So, I’ve been meditating on and off for a few years now. Had a 90 day streak going in 2014, experimented with binaural beats to enhance my brain waves, studied some Buddhism, have noticed some benefits from meditation, but never was really wowed with it. I just tried to keep with it because so many people swear by it and more importantly there is really good science that shows that it has a host of mental, emotional and physical benefits.
Most of my meditations have been in the category of “insight meditation.” Instead of focusing on a single object as in focus meditation, with insight meditation, you simply sit with a broad awareness and notice things. This technique has really built an understanding of my mind for me, and that has been beneficial in seeing how my mind works and so helps me indirectly. But I really never got wowed myself by it. Until this week.

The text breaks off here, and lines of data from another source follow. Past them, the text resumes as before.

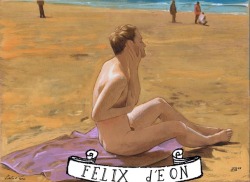 felixdeon:  a painting in ink, watercolor, and gouache on paper; “Jesse in the Sun,” a memory of a lovely day at Baker Beach in San Francisco. You can find a limited edition print of this painting on my eBay store at this link! 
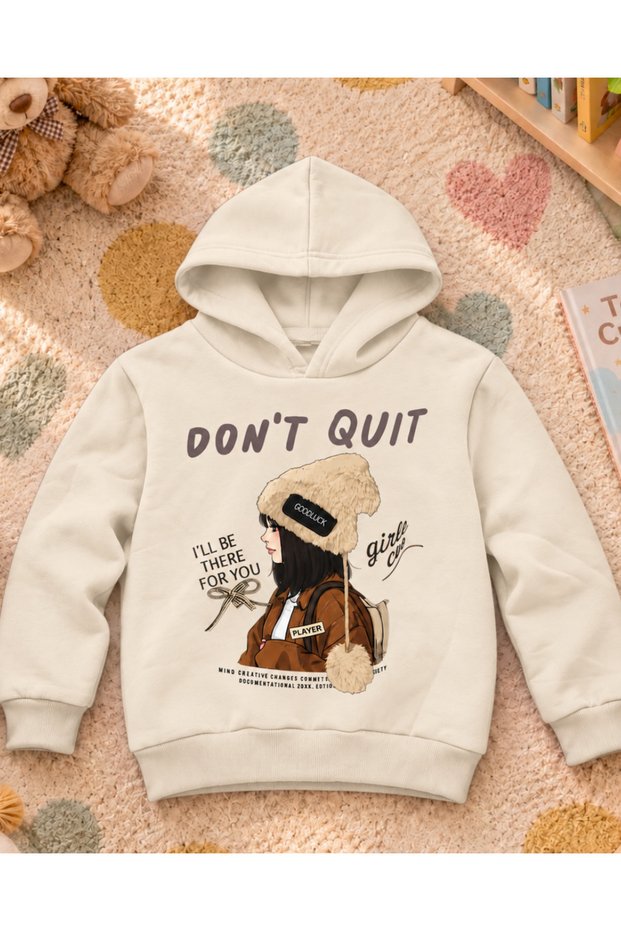 "Don'T Quit" Printed Hooded Unisex Kids Sweatshirt
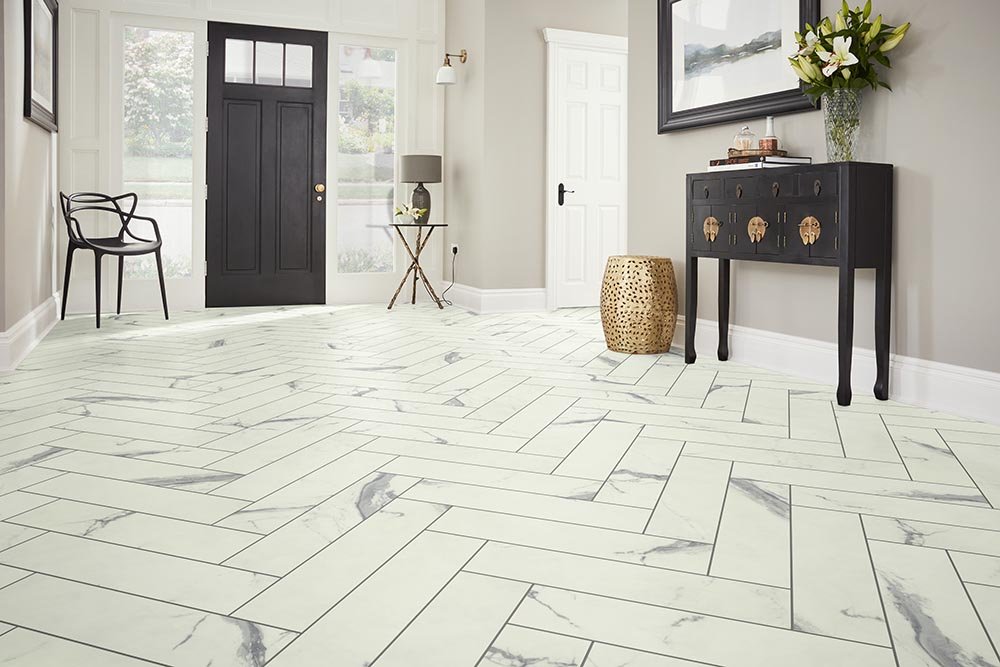 Entry Foyer Luxury Vinyl Tile Herringbone LVT -  CarpetsPlus COLORTILE of Racine in  Racine, WI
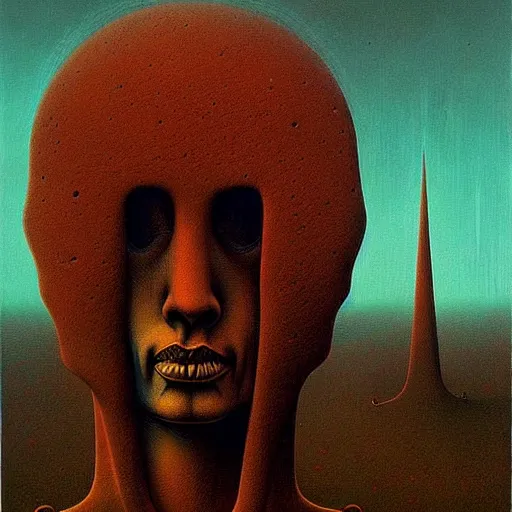 Image similar to highly detailed horror dystopian surreal painting of eerie head statues and buildings by zdzisław beksinski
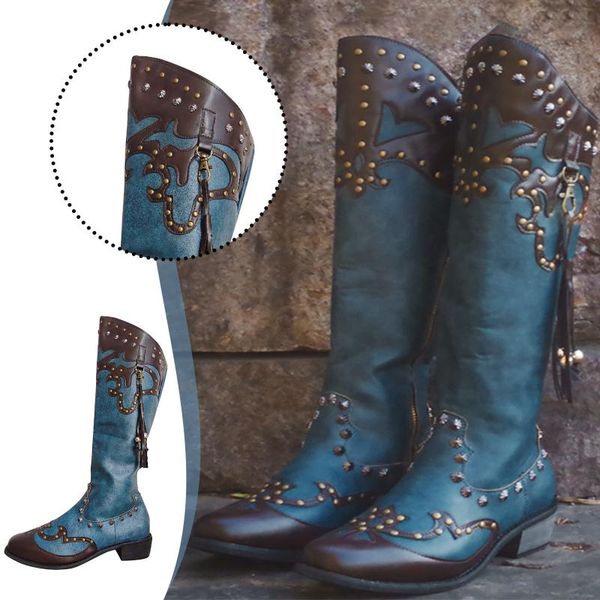boots cowboy for women embroidered floral hollow out totems fringe long ladies square heels motorcycle botas mujer, Black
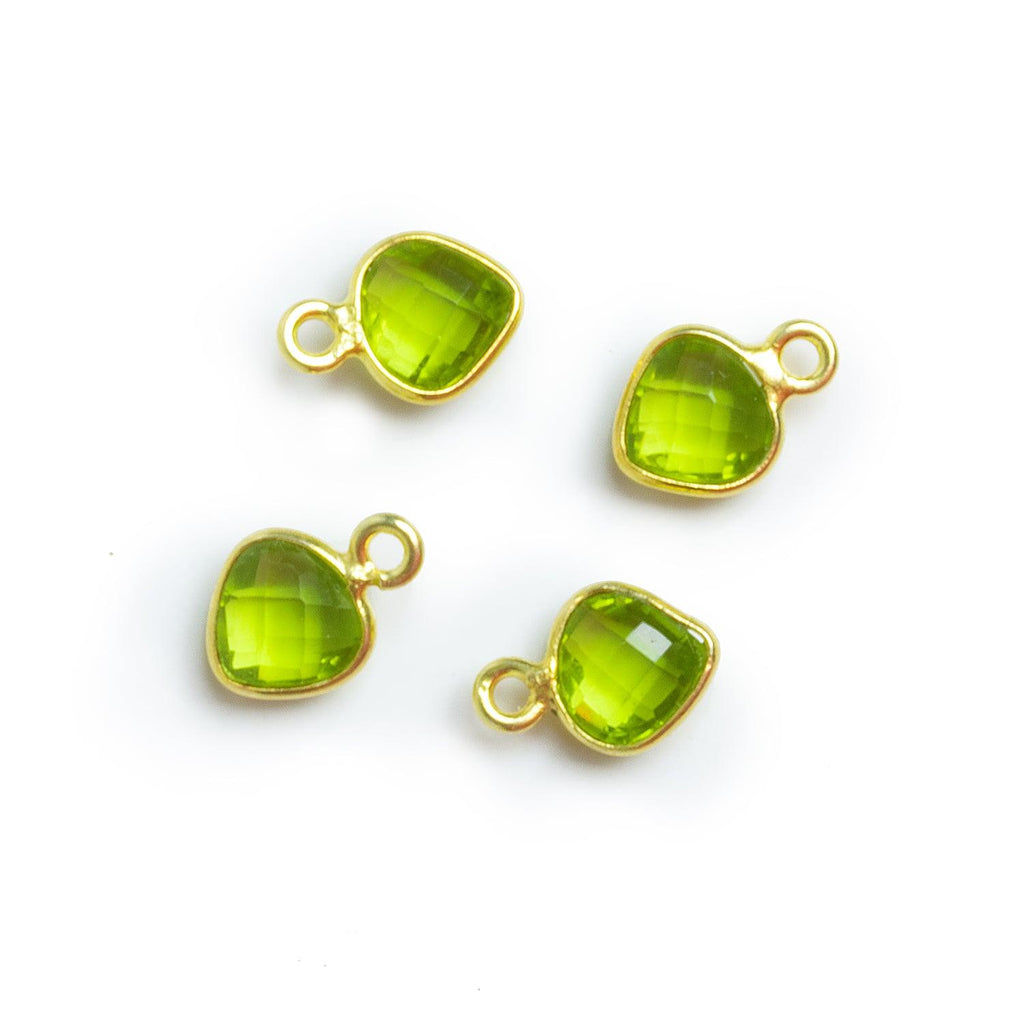 7mm Vermeil Bezeled Green Quartz Heart Pendants Set of 4 pieces - The Bead Traders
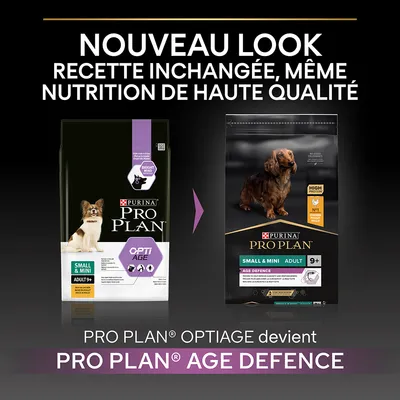 Changement de packaging : Purina Pro Plan Optiage devient Pro Plan Age Defence Small & Mini Adult 9+. Recette inchangée, nutrition de haute qualité. Deux sacs visibles avec chiens.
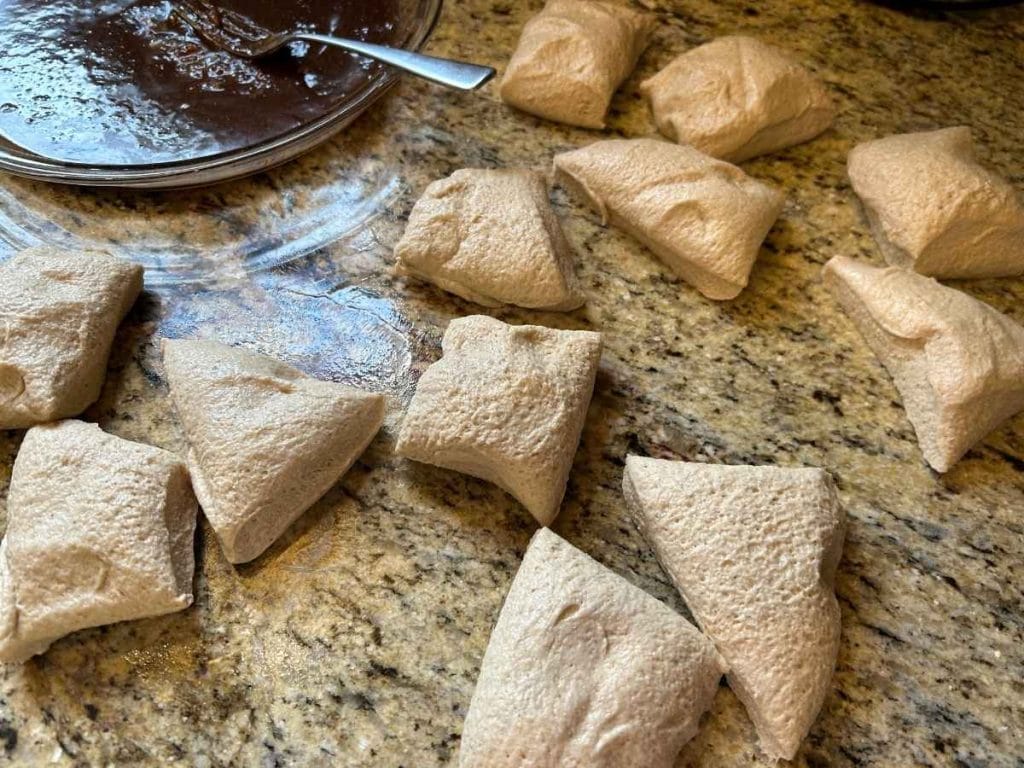 sourdough cut into pieces before being made into sticky buns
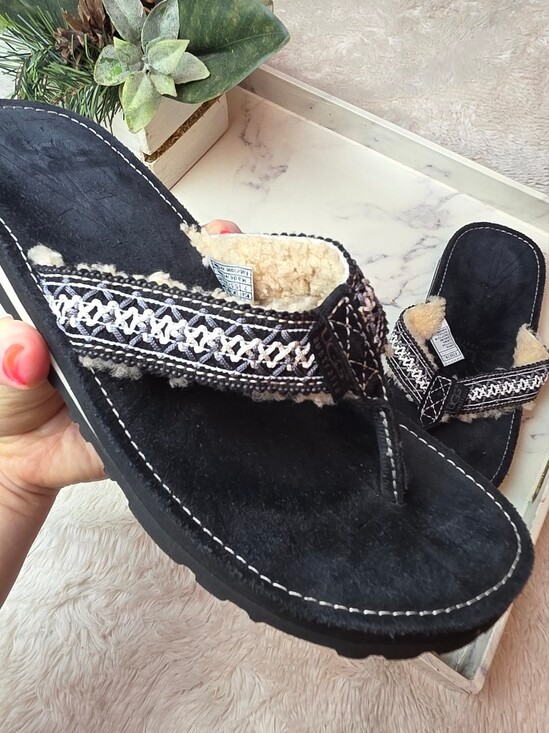 Ugg Women’s Size 7 Tasmina Black Shearling Lined Flip Flop Sandals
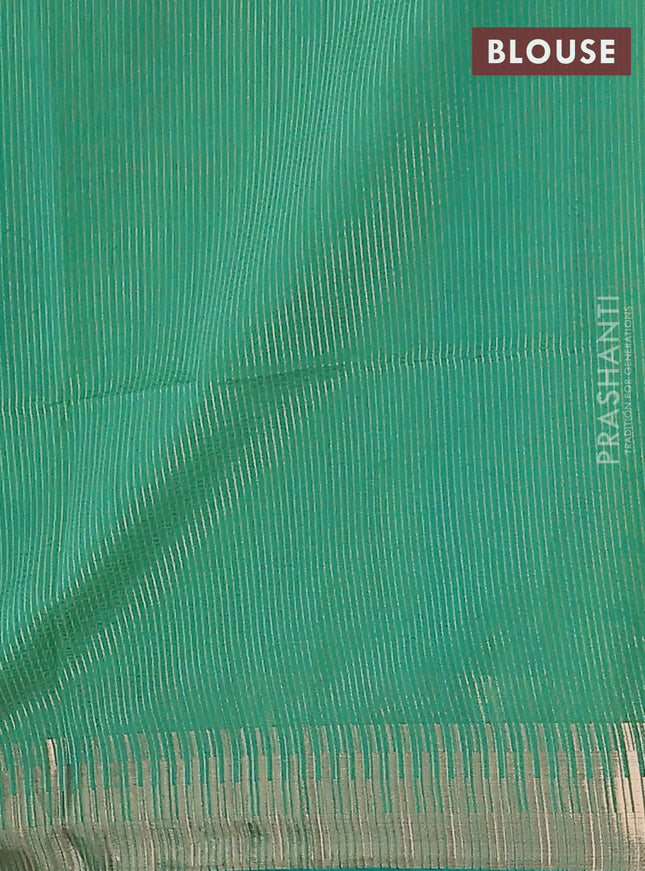Semi dupion saree light green and green with allover thread woven buttas and temple design zari woven border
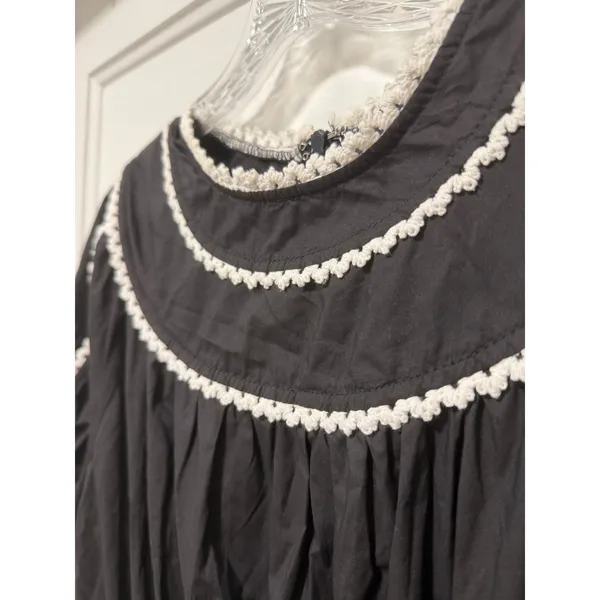 VICI Black Cotton Smocked Waist Crochet Trim Tiered Midi Dress XL RN131468 - Image 8
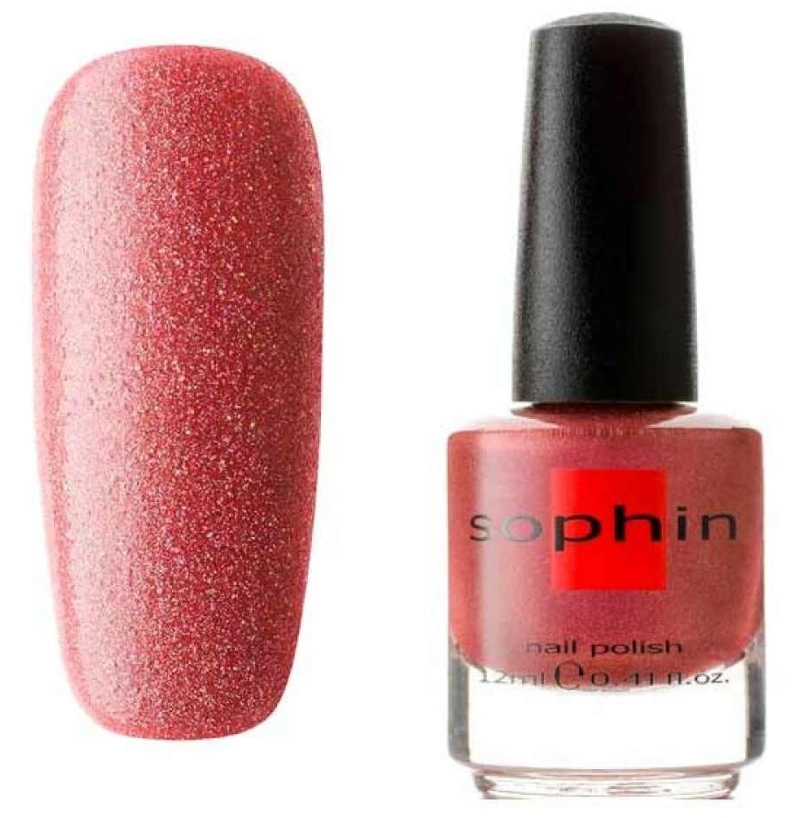 Текстурний лак Sophin Nail Lacquer №295 шоколадно-рожевий рідкий пісок із шиммером 12 мл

Even though I’ve read from sources that you really should build your insight meditation on top of an already good focus practice, I kind of skipped that step. Now I can see I made a mistake. But this week I made a shift to focus meditation in a way I never have before. I committed to it. This came from noticing for the thousand millionth time how unfocused my life and mind are in general. I had never really succeeded at focus meditation. My mind always wandered, I couldn’t keep with it.
But this past Monday, I went to a local Sangha in Bangkok and the monk as he was preparing us for a half hour meditation mentioned something I had never heard before and it struck me with force. He said, when you sit and watch the breath, don’t sit with the idea of the breath, but rather notice and experience the physical sensation of the breath. That seemed interesting, so I decided to try it out.
As I sat that night, I had a fantastically focused experience for a half hour. I stayed watching my physical experience, and that almost completely divorced my mind from thought. I was able to simply sit and watch my breath with my entire mind most of the time, fascinated by the nuances of each moment of every breath. The translation from thinking about focusing on my breath as a mental exercise to actually focusing on my breath as a complete experience, crucially including the feeling of the air moving through my body in each moment, brought me incredibly present.
This was a huge breakthrough. Not only am I able to “succeed” at staying focused throughout the meditation, but I am now actually seeing the much vaunted benefits of meditation appear in my life firsthand. My mind is incredibly more focused and clear after meditating in this way. It feels rested and sharp. And by developing this insane focus for 20 minutes each day in the morning, the rest of the day I stay on task much easier. The ability to leave my thoughts and go into my body even makes sex better, I noticed today. Way better.
This evening as usual, at around 7:30pm, my brain was tired and I felt like tuning out and going into the downward “going to bed” mentality that usually eclipses my evenings. So I tried an experiment. I sat down with my little Buddha candle in front of me and did another 20 minute session. When I came out of it and sat down in front of my computer to finish watching Bill Maher, I realized I would rather study Thai. I did so for a half hour, and then I stopped and poured a glass of bourbon.
Then I remembered I was going to blog about meditation. So I just banged this post out too. This is remarkable for me, these two small bits of productivity, because they both involved concentration at some level and focus, something that normally at this time of night, just aren’t there for me. And the motivation, forget about it normally. But after round 2 of meditation, bang, there it is. Hmm.
Remarkable! I recommend you add this trick to your meditations if you are not already experiencing success in focus meditation or find your mind wandering excessively. Just watch the breath as a full experience, and stop thinking about watching the breath. Get fascinated by it. I’m excited! I feel like meditating more and more… quite interesting.